The strobe 17 emits light according to control by the CPU 11, and irradiates light on the subject. An operation unit 18 has various buttons such as the shutter button, and outputs a signal showing content of a user's operation, to the CPU 11 when a button is operated.

FIG. 2 is a block diagram illustrating a functional configuration example of the imaging apparatus 1 when scene decision processing is performed and an image is captured according to a method matching this decision result. At least part of functional units illustrated in FIG. 2 is realized by executing a predetermined computer program by the CPU 11 in FIG. 1.

As illustrated in FIG. 2, the imaging apparatus 1 comprises a preview image acquiring unit 31, an AE control unit 32, a subject brightness deciding unit 33, a dynamic range composition deciding unit 34, a light source deciding unit 35 and an image capturing control unit 36.

The preview image acquiring unit 31 acquires image data stored in the memory 13 before the shutter button is pushed, as a live preview image, and supplies the acquired live preview image to the AE control unit 32.

The AE control unit 32 divides the live preview image into a plurality of blocks, calculates an average value of R, G and B of each block, respectively, and supplies the calculated average values of R, G and B to the subject brightness deciding unit 33 and light source deciding unit 35. The block refers to a divided area including a group of a plurality of pixels, and is obtained by dividing one live preview image into 12 blocks by 8 blocks.

The AE control unit 32 further converts the calculated average value of R, G and B into a brightness value Y. The AE control unit 32 finds the number of pixels (blocked-up shadow amount) having the brightness value Y of the image equal to or less than the first threshold and finds the number of pixels (over exposure amount) having the brightness value Y of the image equal to or more than a second threshold which is greater than the first threshold, and sets the flag to 1 in a block having the blocked-up shadow amount or over exposure amount equal to or more than the third threshold and sets the flag to 0 in a block having the blocked-up shadow amount or over exposure amount less than the third threshold. By this means, as illustrated in, for example, FIG. 3A, the flag 0 or 1 is set to each block.

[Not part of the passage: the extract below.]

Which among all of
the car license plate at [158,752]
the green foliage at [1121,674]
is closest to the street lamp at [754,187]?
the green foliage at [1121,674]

The AE control unit 32 sets the flag in each block, and detects the isolated block. Detection of the isolated block refers to removing a block (reversing the flag) when the flag of the block of interest does not match with flags of eight blocks adjacent to the block (isolated from the flags of the eight blocks adjacent to this block). When an isolated block is detected, as illustrated in, for example, FIG. 3B, the blocks surrounded by round circles in FIG. 3A are removed. In addition, in case of blocks at ends or corners of the image, if these blocks do not match with the 5 or 3 adjacent blocks, these blocks are decided to be isolated.

The AE control unit 32 further detects isolated blocks and then converts the brightness value Y of each block and adequate exposure value in EV units, and calculates the brightness value Y in EV units per block and generates a histogram using 12×8=96 items of data. By this means, the histogram illustrated in, for example, FIG. 4 is generated. In FIG. 4, the horizontal axis indicates the exposure correction amount (shift amount from adequate exposure), and the vertical axis indicates the frequency. Meanwhile, plus of the exposure correction amount means an over exposure with respect to the adequate exposure value, and minus of the exposure correction amount means an under exposure with respect to the adequate exposure value.

The AE control unit 32 supplies the generated histogram information to the dynamic range composition deciding unit 34.

The subject brightness deciding unit 33 acquires (extracts) a brightness level of a subject based on the average value of R, G and B supplied from the AE control unit 32, and decides whether or not the brightness level is a predetermined threshold or more. The subject brightness deciding unit 33 supplies a decision result to the dynamic range composition deciding unit 34 when the brightness of the subject is a brightness level equal to or greater than a predetermined threshold, and supplies a decision result to an image capturing control unit 36 when the brightness of the subject is less than a predetermined threshold.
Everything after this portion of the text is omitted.